Johann Heinrich Alting (17 February 1583 – 25 August 1644), German divine, was born at Emden, where his father, Menso Alting (1541–1612), was minister.[1]
Heinrich studied with great success at the University of Groningen and the Herborn Academy. In 1608 he was appointed tutor of Frederick, afterwards elector-palatine, at Heidelberg, and in 1612 accompanied him to England. Returning in 1613 to Heidelberg, after the marriage of the elector with Princess Elizabeth of England, he was appointed professor of dogmatics, and in 1616 director of the theological department in the Collegium Sapientiae.[1]
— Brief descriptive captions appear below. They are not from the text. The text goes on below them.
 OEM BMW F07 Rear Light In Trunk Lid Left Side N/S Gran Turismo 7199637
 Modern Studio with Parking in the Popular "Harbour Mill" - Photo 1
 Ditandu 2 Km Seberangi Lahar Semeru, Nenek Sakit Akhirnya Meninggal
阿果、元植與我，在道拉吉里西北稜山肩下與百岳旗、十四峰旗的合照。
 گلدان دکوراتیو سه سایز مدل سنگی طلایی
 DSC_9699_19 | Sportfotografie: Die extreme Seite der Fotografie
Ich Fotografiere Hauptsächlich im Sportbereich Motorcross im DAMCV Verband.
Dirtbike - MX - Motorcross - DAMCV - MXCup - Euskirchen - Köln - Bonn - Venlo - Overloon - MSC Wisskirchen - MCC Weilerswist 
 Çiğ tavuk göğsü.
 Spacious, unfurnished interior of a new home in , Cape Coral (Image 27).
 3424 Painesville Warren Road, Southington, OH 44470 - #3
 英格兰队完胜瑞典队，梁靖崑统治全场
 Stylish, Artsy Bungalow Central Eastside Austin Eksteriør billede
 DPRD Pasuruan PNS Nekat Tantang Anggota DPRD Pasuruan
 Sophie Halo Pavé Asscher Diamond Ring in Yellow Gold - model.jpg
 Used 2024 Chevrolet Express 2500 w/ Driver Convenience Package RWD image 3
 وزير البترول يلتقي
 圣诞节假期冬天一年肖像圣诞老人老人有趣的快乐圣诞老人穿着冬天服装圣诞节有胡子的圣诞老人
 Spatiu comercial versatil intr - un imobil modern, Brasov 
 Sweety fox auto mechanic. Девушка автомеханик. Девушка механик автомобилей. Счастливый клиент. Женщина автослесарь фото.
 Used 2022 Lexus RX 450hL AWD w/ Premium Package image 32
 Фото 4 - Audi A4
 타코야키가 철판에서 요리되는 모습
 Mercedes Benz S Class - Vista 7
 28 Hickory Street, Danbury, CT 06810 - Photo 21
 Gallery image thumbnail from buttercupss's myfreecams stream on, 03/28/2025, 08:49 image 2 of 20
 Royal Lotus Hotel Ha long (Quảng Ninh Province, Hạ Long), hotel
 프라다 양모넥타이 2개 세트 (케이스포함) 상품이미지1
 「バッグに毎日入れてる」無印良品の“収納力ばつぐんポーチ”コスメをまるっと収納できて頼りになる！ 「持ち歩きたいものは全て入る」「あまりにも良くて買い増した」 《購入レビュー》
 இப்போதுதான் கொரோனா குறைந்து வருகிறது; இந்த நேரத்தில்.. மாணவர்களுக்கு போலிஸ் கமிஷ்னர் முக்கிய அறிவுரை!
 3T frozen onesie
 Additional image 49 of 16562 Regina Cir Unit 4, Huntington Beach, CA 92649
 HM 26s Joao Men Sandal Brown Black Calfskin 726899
In 1618, along with Abraham Scultetus, he represented the university in the Synod of Dort. When Count Tilly took the city of Heidelberg (1622) and handed it over to plunder, Alting found great difficulty in escaping the fury of the soldiers. He first retired to Schorndorf; but, offended by the "semi-Pelagianism" of the Lutherans with whom he was brought in contact, he removed to Holland, where the unfortunate elector and "Winter King" Frederick, in exile after his brief reign in Bohemia, made him tutor to his eldest son.[1]
In 1627, Alting was appointed to the chair of theology at the Groningen University, where he continued to lecture, with increasing reputation, until his death. Though an orthodox Calvinist, Alting laid little stress on the sterner side of his creed and, when at Dort he opposed the Remonstrants, he did so mainly on the ground that they were "innovators."[1]
Alting made a fundamental contribution to the historiography of German Reformed Protestantism with his Historia de Ecclesiis Palatinis.[2] Unfortunately the work included the doubtful assertion that Elector Frederick the Pious jointly commissioned Zacharias Ursinus and Caspar Olevianus to compose the Heidelberg Catechism. This dual authorship thesis has been rejected by serious scholarship since the 1960s but remains common in reference works. While this attribution has been set aside, Alting's work remains an irreplaceable source for reconstructing the history of the Reformation of the Palatinate.[3][4]